▶ DATASET:
····················

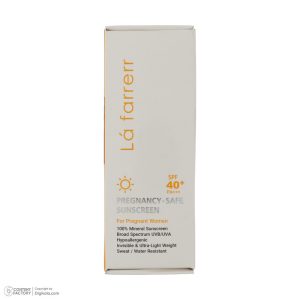 کرم ضد آفتاب بدون رنگ لافارر SPF 40 مدل PREGNANCY SAFE، حاوی محافظ UVA و UVB و PA+++ مناسب پوست بانوان باردار حجم 40 میلی‌لیتر - تصویر 3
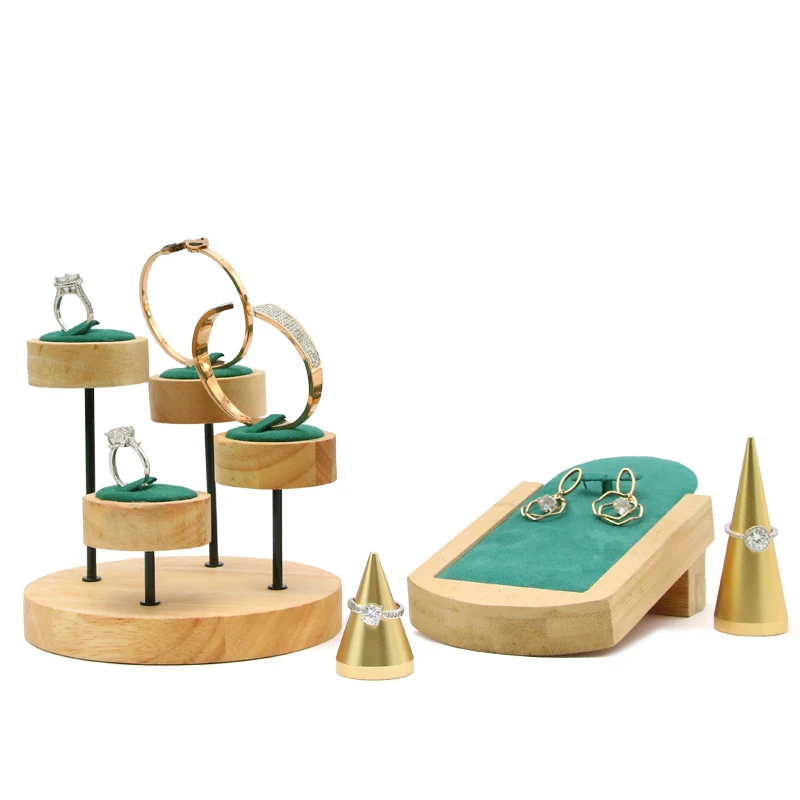 

Green Jewelry Bracelet Ring For Counter Jewellry Dispaly Jewelry Earring Holder Ornament Display Stand Green Microfiber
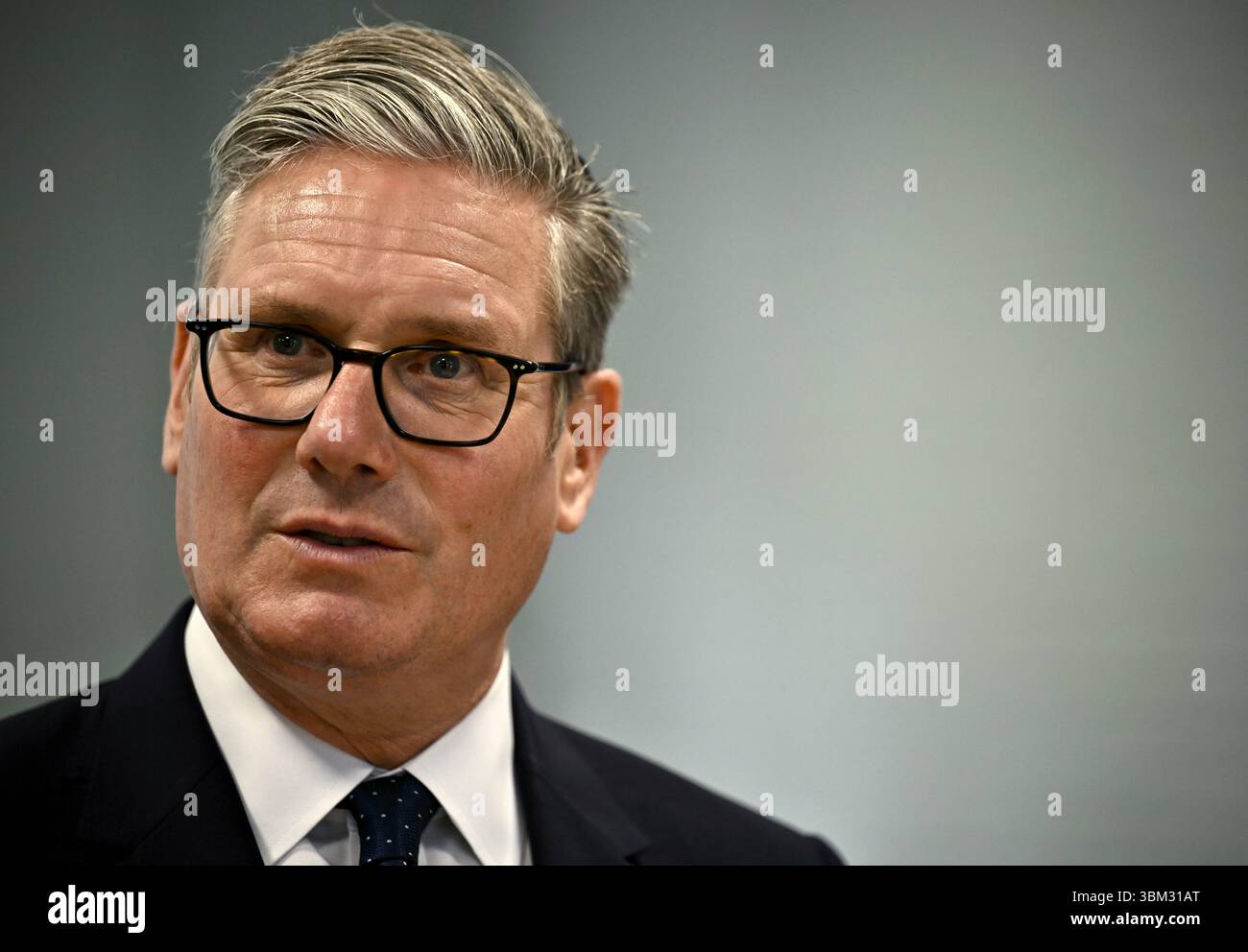Prime Minister Sir Keir Starmer, during a visit to the Netherlands marines training base, as part of the UK-Netherland Joint Amphibious Force in Rotterdam, during a visit to attend the Nato Summit at the Hague, Netherlands. Picture date: Tuesday June 24, 2025. Stock Photo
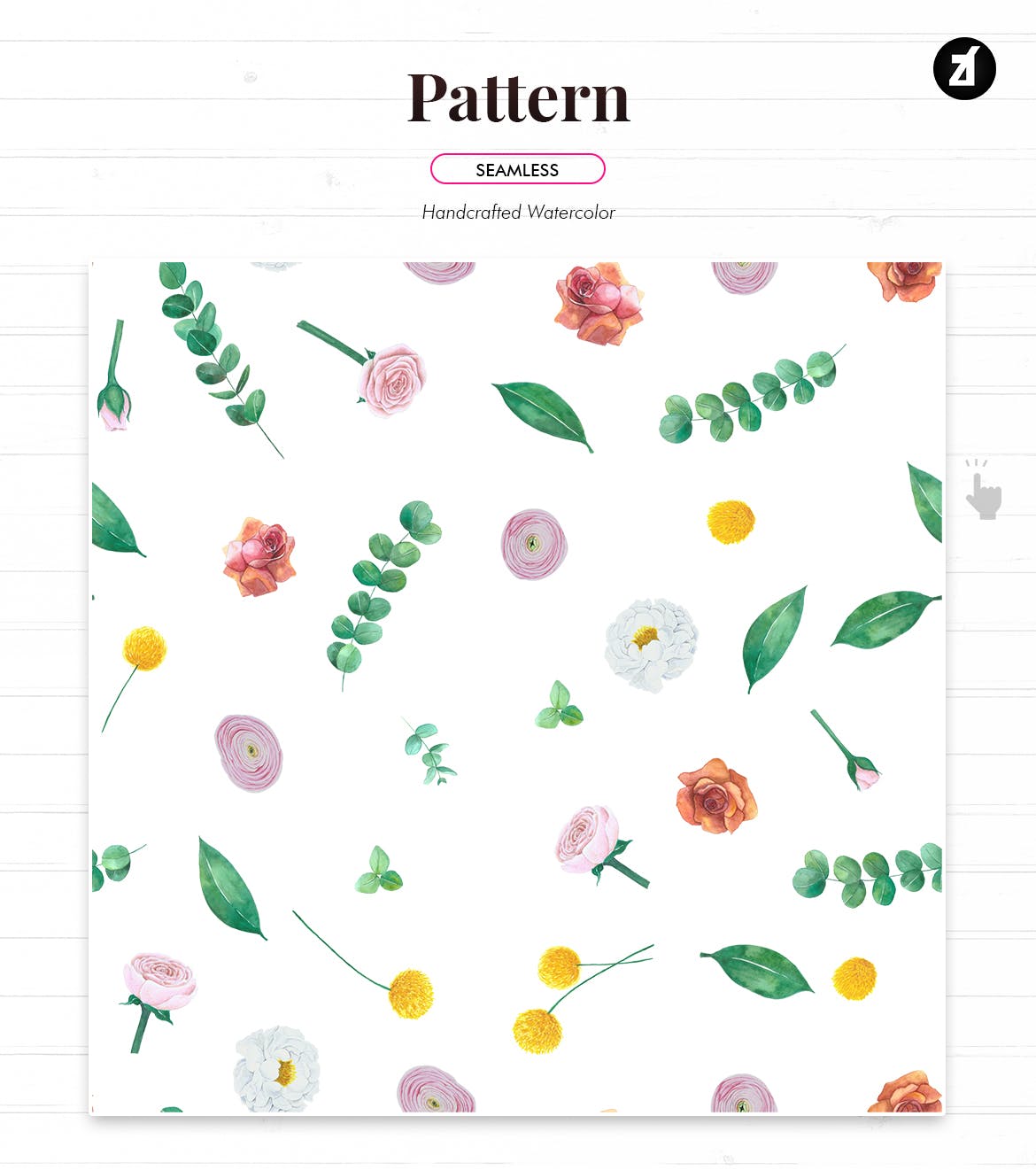 水彩手绘花卉图案设计素材 Floral pattern hand-drawn watercolor illustration插图(3)
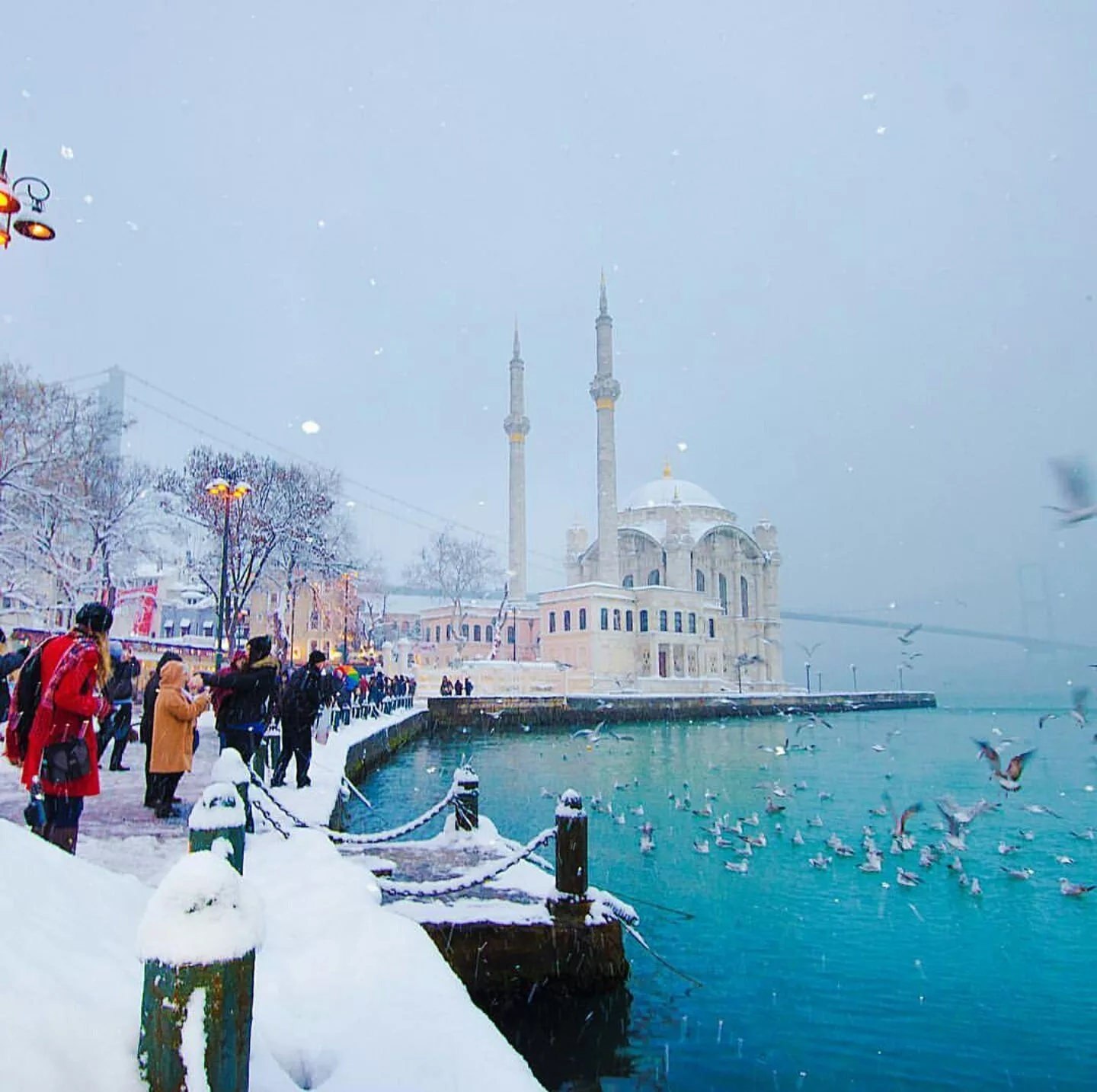 Босфор Турция Стамбул зимой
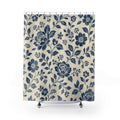 Navy Blue Botanical Flower Shower Curtain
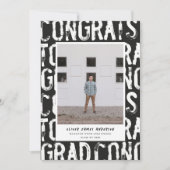 白黒グモダンランギー写真卒業inv 招待状 (正面)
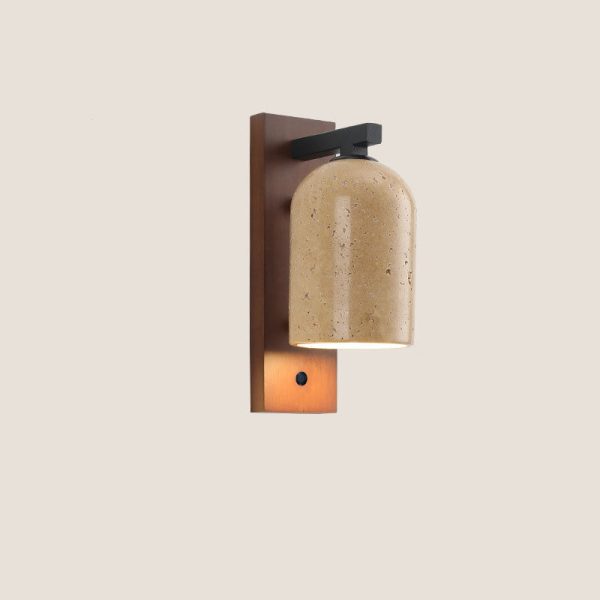 Japanese Vintage Stone Cylinder Wooden Base 1-Light Wall Sconce Lamp - Image 6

····················

▶ PROBLEM DESCRIPTION: Output the listing unchanged, pictures excluded.

▶ OUTPUT:
 کرم ضد آفتاب بدون رنگ لافارر SPF 40 مدل PREGNANCY SAFE، حاوی محافظ UVA و UVB و PA+++ مناسب پوست بانوان باردار حجم 40 میلی‌لیتر - تصویر 3

Green Jewelry Bracelet Ring For Counter Jewellry Dispaly Jewelry Earring Holder Ornament Display Stand Green Microfiber
Prime Minister Sir Keir Starmer, during a visit to the Netherlands marines training base, as part of the UK-Netherland Joint Amphibious Force in Rotterdam, during a visit to attend the Nato Summit at the Hague, Netherlands. Picture date: Tuesday June 24, 2025. Stock Photo
 水彩手绘花卉图案设计素材 Floral pattern hand-drawn watercolor illustration插图(3)
 Босфор Турция Стамбул зимой
 Navy Blue Botanical Flower Shower Curtain
 白黒グモダンランギー写真卒業inv 招待状 (正面)
 Japanese Vintage Stone Cylinder Wooden Base 1-Light Wall Sconce Lamp - Image 6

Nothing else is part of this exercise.